* Your instructions
Verbatim copy, images omitted: return the full listing.

* Data section
*** Begin section ***
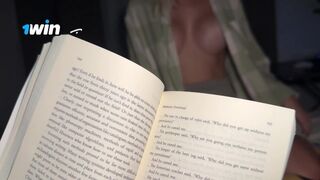 Nevelő hugom csábított el olvasás közben – ízletes közeli dörzsölés a hatalmas fenekű tinitől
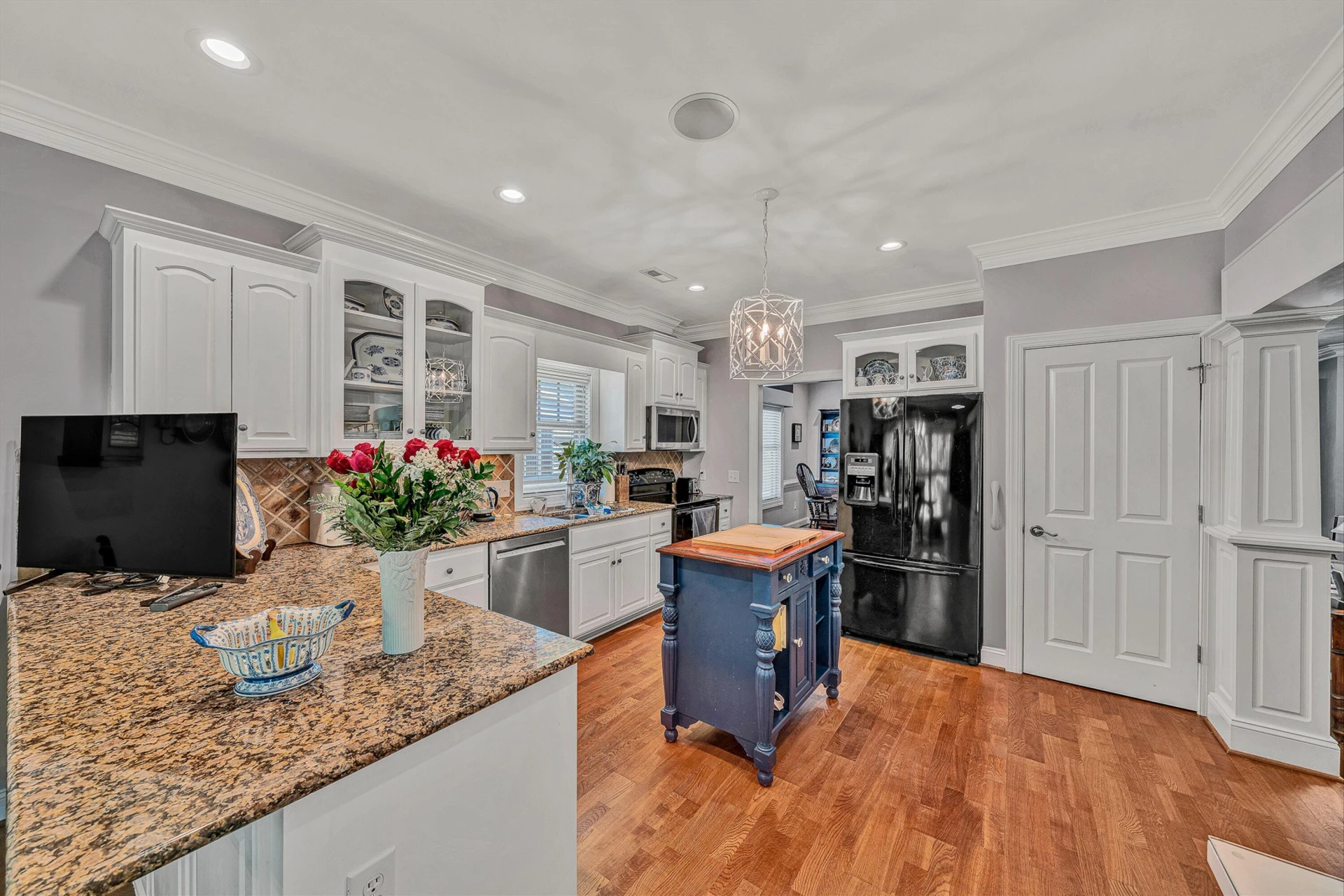 7102 Linn Cove CT - Photo 22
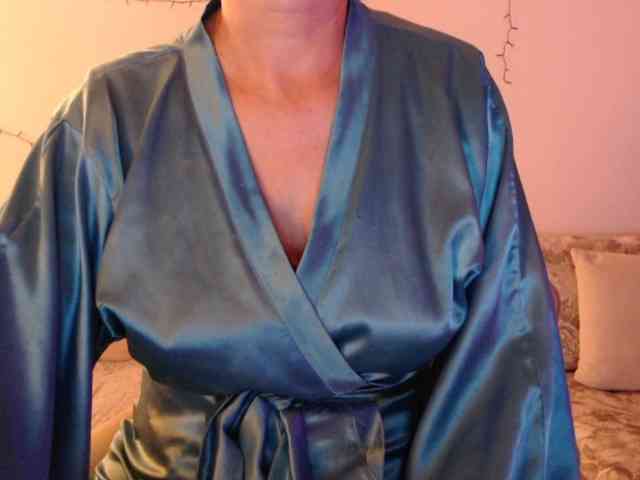 goodSnowQueen webcam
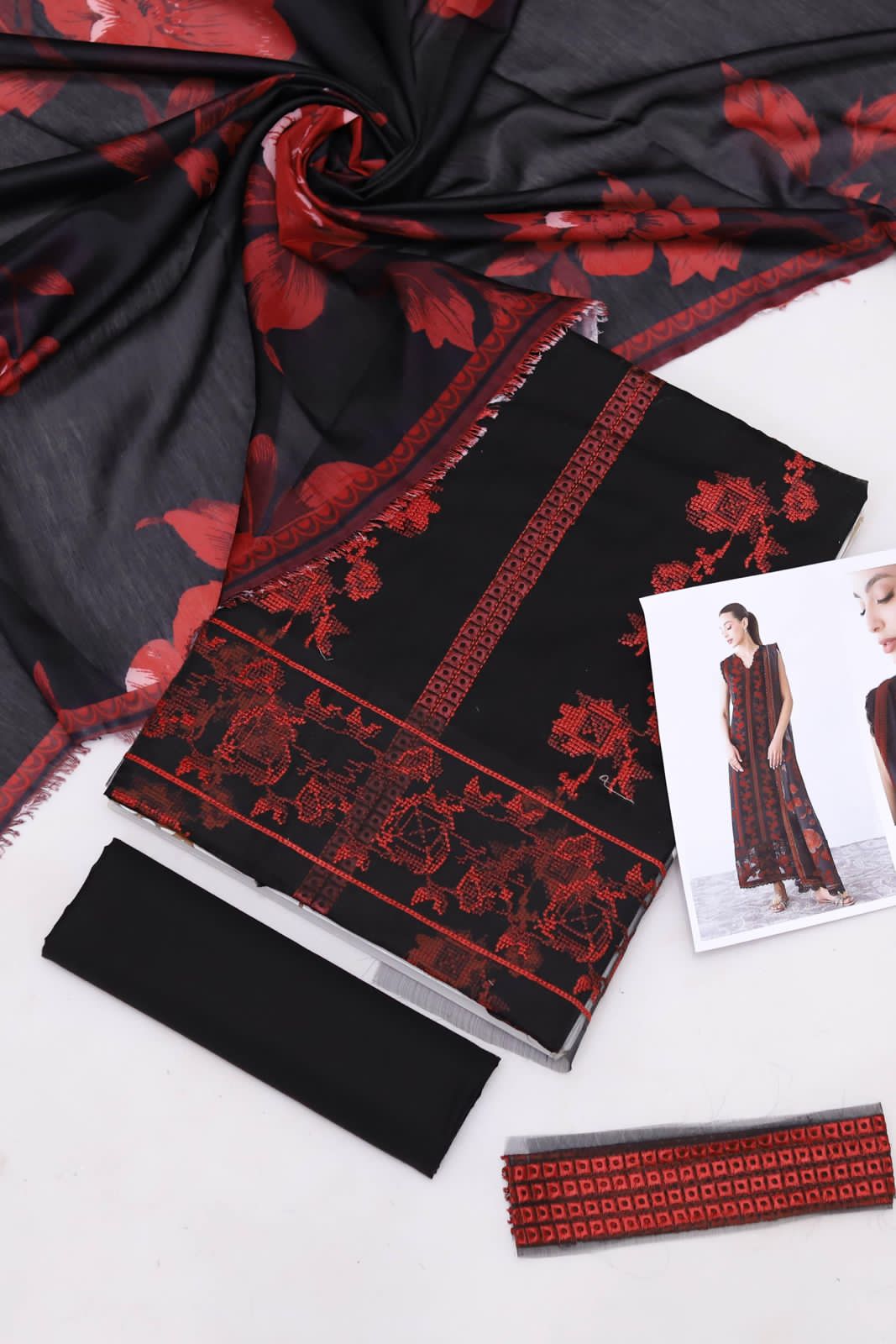 Maria B Lawn Replica 3pc 3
*** End section ***
* Output
 Nevelő hugom csábított el olvasás közben – ízletes közeli dörzsölés a hatalmas fenekű tinitől
 7102 Linn Cove CT - Photo 22
 goodSnowQueen webcam
 Maria B Lawn Replica 3pc 3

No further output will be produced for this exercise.